Applied Energy, Vol.114, 749-762, 2014
Integrated assessment of sustainable cereal straw potential and different straw-based energy applications in Germany
The energetic use of residues from agriculture can foster the transition towards a more renewable energy supply. However, sustainability issues have to be considered along the entire provision chain as they affect the resource and energy potential as well as the achievable contribution to climate mitigation. Straw is one of the most important agricultural residues in Germany. It is not yet used for energy purposes extensively and compared to other agricultural feedstock it shows low competition with food, feed or fiber.

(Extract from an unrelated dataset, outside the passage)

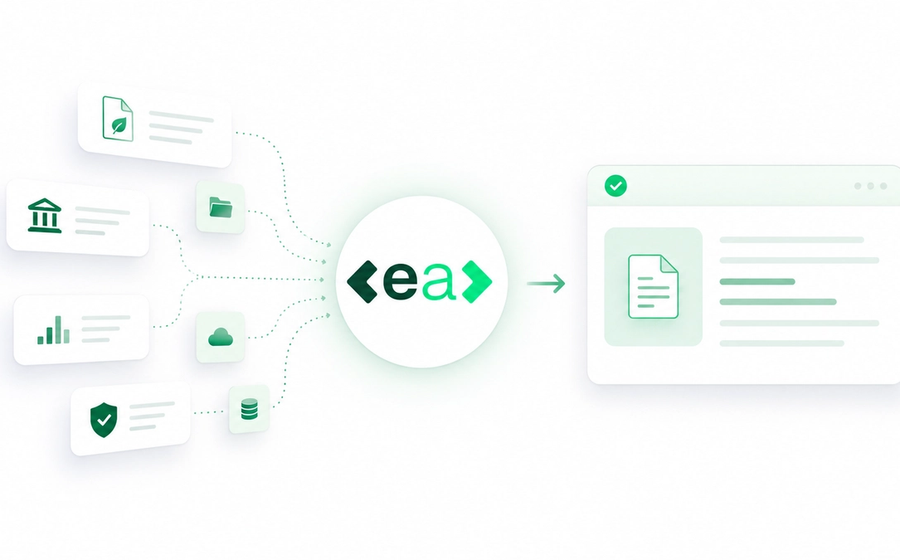 Why AI RFP Software Is About More Than Writing Faster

This paper analyses on the one hand the sustainable potential of cereal straw for energy application in Germany considering the actual agricultural conditions, and on the other hand the global warming potential from different energy provision chains based on straw. Different humus-balance tools that are able to assess the organic matter (OM) demand to presume soil fertility. The analysis of straw potentials was applied at NUTS 3 level for Germany, based on statistical data. The results of this analysis were used as input data for the modeling of concepts for straw provision and use. Greenhouse gas (GHG) emissions were calculated for each concept in order to compare the global warming potential of various energy applications, to investigate the relative contribution of different production steps and to compare them with fossil energy applications. In total, 29.8 Tg of straw (fresh matter) are produced annually in Germany (1999-2007). Approximately 4.8 Tg of the total straw occurrence are annually required by animal husbandry. Between 7.97 and 13.25 Tg straw can be classified as sustainable straw. Highest straw potential (3.99 Mg ha(-1)) can be found in parts of Schleswig-Holstein, Mecklenburg-West Pomerania, North Rhine-Westphalia and Lower Saxony. But there are also regions that show a net deficit. The cumulated GHG emissions for the resulting concepts are between 8 and 35 g CO2-eq. MJ(-1). In comparison to fossil energy applications, the highest reduction potential occurs for concepts for combined heat and power (CHP) provision, i.e. 223 g CO2-eq. MJ(el)(-1). This study highlights the possible contribution of straw as renewable energy carrier, but also demonstrates that there are regional restrictions for straw use. (C) 2013 Elsevier Ltd. All rights reserved.